[Short descriptive text snippets]

Segment Open

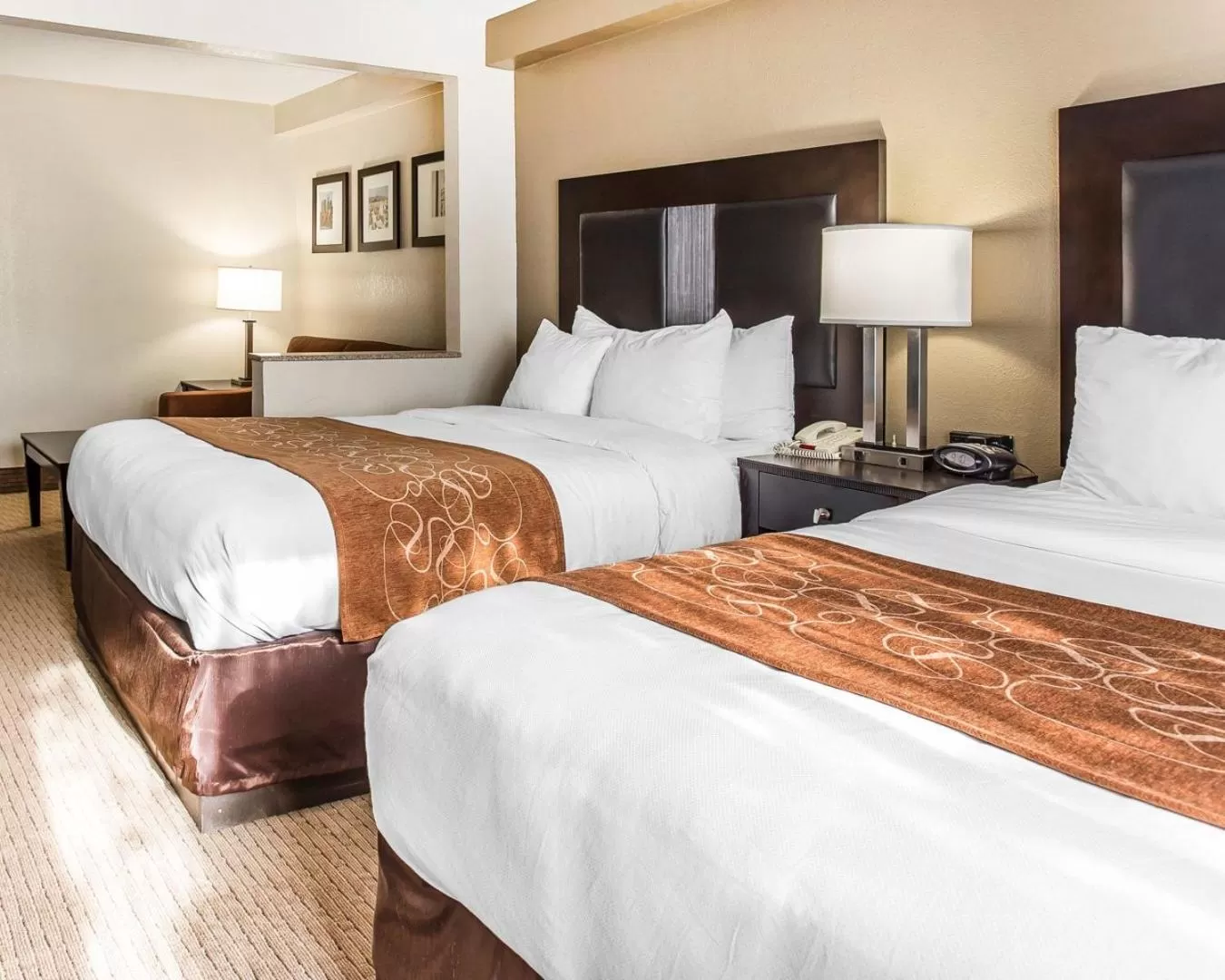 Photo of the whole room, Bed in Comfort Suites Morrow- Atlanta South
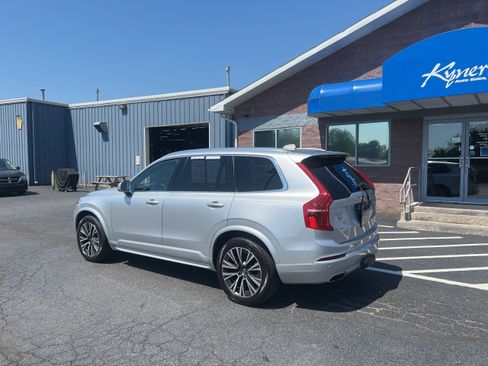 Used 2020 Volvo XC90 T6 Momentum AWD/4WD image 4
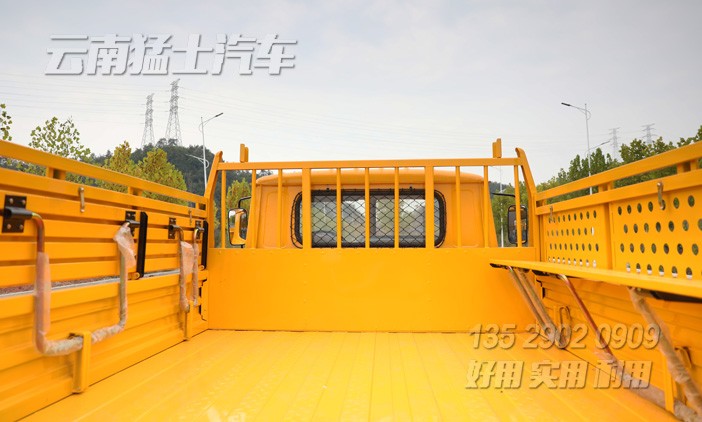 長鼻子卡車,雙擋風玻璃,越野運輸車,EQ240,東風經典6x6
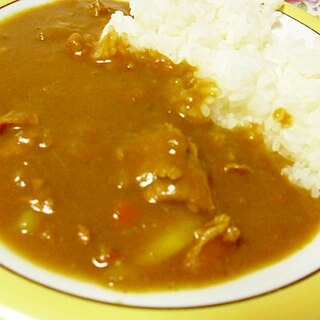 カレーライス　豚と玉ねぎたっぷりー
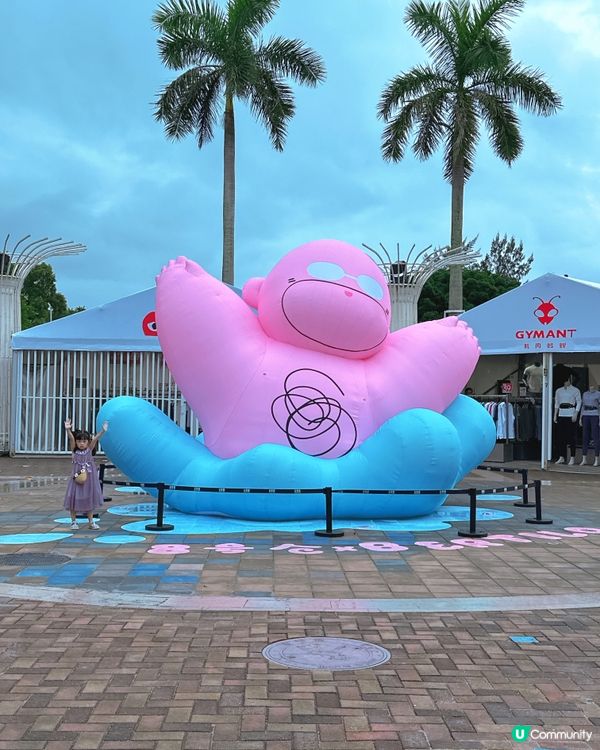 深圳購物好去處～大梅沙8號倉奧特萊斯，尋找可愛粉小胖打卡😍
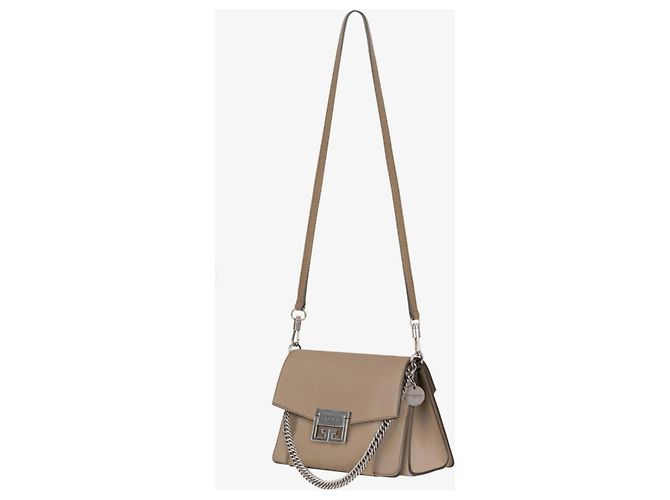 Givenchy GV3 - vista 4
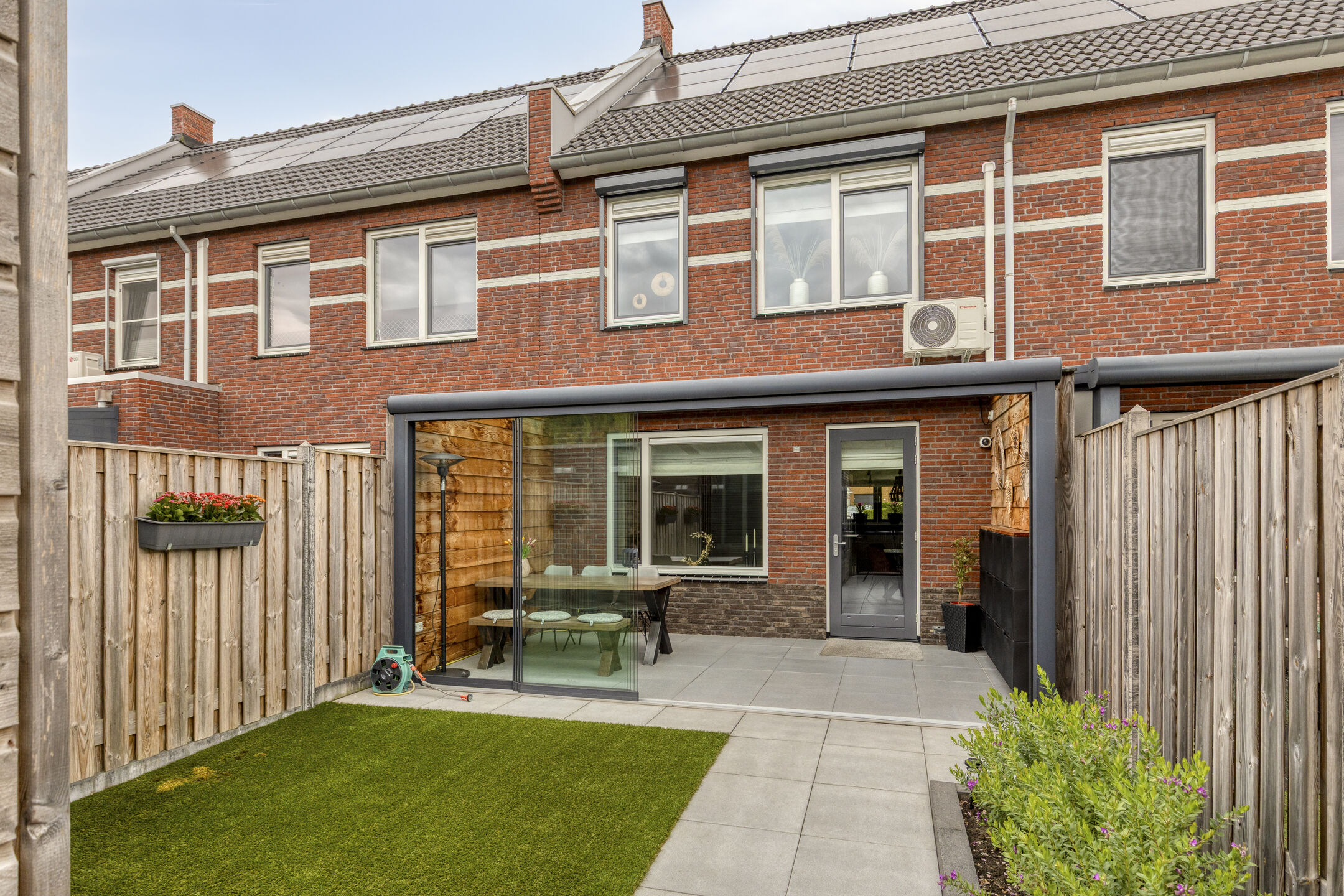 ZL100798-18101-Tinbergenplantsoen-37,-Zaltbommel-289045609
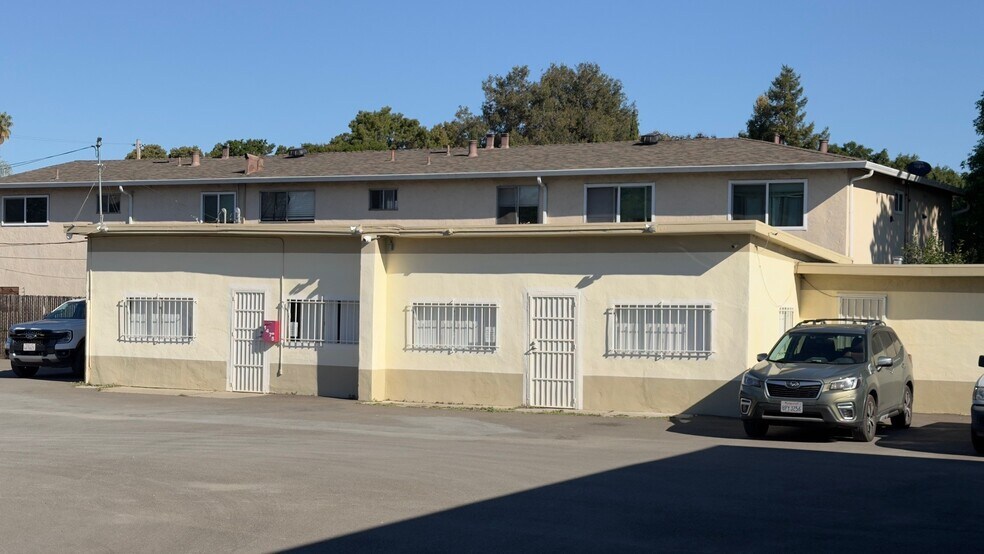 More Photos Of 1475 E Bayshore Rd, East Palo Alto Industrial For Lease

Segment Closed

[WORK REQUIRED] Retype the data above exactly; pictures are not part of the copy.

[REPLY TO THE EXERCISE]
 Photo of the whole room, Bed in Comfort Suites Morrow- Atlanta South
 Used 2020 Volvo XC90 T6 Momentum AWD/4WD image 4
 長鼻子卡車,雙擋風玻璃,越野運輸車,EQ240,東風經典6x6
 カレーライス　豚と玉ねぎたっぷりー
 深圳購物好去處～大梅沙8號倉奧特萊斯，尋找可愛粉小胖打卡😍
 Givenchy GV3 - vista 4
 ZL100798-18101-Tinbergenplantsoen-37,-Zaltbommel-289045609
 More Photos Of 1475 E Bayshore Rd, East Palo Alto Industrial For Lease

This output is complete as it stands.